CN111723136A

CN111723136A - Single-dimensional clustering analysis method for classified and graded treatment of grid events

Info

Publication number: CN111723136A
Application number: CN201911143455.8A
Authority: CN
Inventors: 钱华; 姜永华; 钱建华; 王巧荣; 房查; 张宏斌
Original assignee: Jiangsu Fablesoft Co ltd; Political And Legal Committee Of Nantong Municipal Committee Of Communist Party Of China
Current assignee: Jiangsu Fablesoft Co ltd; Political And Legal Committee Of Nantong Municipal Committee Of Communist Party Of China
Priority date: 2019-11-20
Filing date: 2019-11-20
Publication date: 2020-09-29

Abstract

The invention relates to a single-dimensional clustering analysis method for classified and graded treatment of grid events, which comprises the following steps: acquiring a grid event record; cleaning the acquired grid event record, and only keeping a grid event condition text; extracting semantic features of a grid event situation text by using a BERT model to generate a multi-dimensional feature vector; clustering the text data of the grid event condition by using a single-dimensional clustering algorithm; generating K grid event type clusters of different types, and storing the grid event type clusters into HBASE; and (6) identifying the type of the high-occurrence grid event. According to the scheme, the dispersed grid event records can be efficiently subjected to fusion analysis, the high-occurrence grid events are accurately subjected to key monitoring and early warning, and the efficiency of classified and graded disposal of the grid events is improved.

Description

Single-dimensional clustering analysis method for classified and graded treatment of grid events

Technical Field

The invention relates to an analysis method, in particular to a single-dimensional clustering analysis method for classified and graded treatment of grid events, and belongs to the technical field of grid event analysis.

Background

At present, the types of events facing the society of the whole society are various, and in order to analyze various events and disputes in a grid under a grid social governance mode, a basic grid worker is generally required to record and report various events such as public security, contradiction disputes, fire safety, food sanitation safety and the like existing in the grid.

However, the method of reporting by only depending on manual record is not only lack of accuracy judgment standard for grid event conditions, but also lack of fusion analysis for scattered event records, so that it is difficult to perform targeted key monitoring and early warning for high-occurrence grid event types in a grid area, and the efficiency of grid event handling is seriously affected. Therefore, a new solution to solve the above technical problems is urgently needed.

Disclosure of Invention

The invention provides a single-dimensional clustering analysis method for classified and graded treatment of grid events, aiming at the problems in the prior art, the scheme can efficiently perform fusion analysis on scattered grid event records, accurately perform key monitoring and early warning on high-occurrence grid events, and improve the efficiency of classified and graded treatment of the grid events.

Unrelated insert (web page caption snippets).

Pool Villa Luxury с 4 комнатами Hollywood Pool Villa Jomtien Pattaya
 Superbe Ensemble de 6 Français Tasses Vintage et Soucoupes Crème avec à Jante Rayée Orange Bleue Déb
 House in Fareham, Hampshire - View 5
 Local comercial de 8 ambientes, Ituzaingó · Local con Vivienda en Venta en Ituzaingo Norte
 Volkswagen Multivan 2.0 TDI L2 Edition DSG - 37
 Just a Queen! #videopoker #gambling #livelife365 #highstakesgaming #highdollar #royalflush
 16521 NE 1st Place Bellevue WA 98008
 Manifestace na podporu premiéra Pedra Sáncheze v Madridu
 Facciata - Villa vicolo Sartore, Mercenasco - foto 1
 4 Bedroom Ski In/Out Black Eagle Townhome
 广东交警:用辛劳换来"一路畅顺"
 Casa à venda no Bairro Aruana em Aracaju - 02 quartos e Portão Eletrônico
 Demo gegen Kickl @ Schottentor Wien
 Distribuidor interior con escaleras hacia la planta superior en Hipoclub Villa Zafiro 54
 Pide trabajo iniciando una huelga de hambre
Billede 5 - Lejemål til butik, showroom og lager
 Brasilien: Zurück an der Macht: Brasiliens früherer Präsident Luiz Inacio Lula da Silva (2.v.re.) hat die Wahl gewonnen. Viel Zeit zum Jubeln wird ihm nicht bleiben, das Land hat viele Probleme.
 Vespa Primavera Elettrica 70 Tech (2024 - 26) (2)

In order to achieve the above object, a technical solution of the present invention is as follows, in which an efficiency of classified and hierarchical handling of grid events is improved, the method includes the following steps:

acquiring a grid event record;

cleaning the acquired grid event record, and only keeping a grid event condition text;

extracting semantic features of a grid event situation text by using a BERT model to generate a multi-dimensional feature vector;

clustering grid event condition data by using a single-dimensional clustering algorithm;

generating K grid event type clusters of different types, and storing the grid event type clusters into HBASE;

and (6) identifying the type of the high-occurrence grid event.

As an improvement of the present invention, the step (1) specifically comprises: grid event records are extracted from a multi-source database.

As an improvement of the present invention, the step (2) specifically comprises: and cleaning the extracted grid event record by using an ETL tool, removing fields such as an event occurrence place, an event occurrence time and the like, and only keeping a grid event situation text.

As an improvement of the present invention, the step (3) specifically comprises: and inputting a grid event situation text, calculating a weight value of the text by using a BERT model, and outputting a multi-dimensional semantic feature vector of the text.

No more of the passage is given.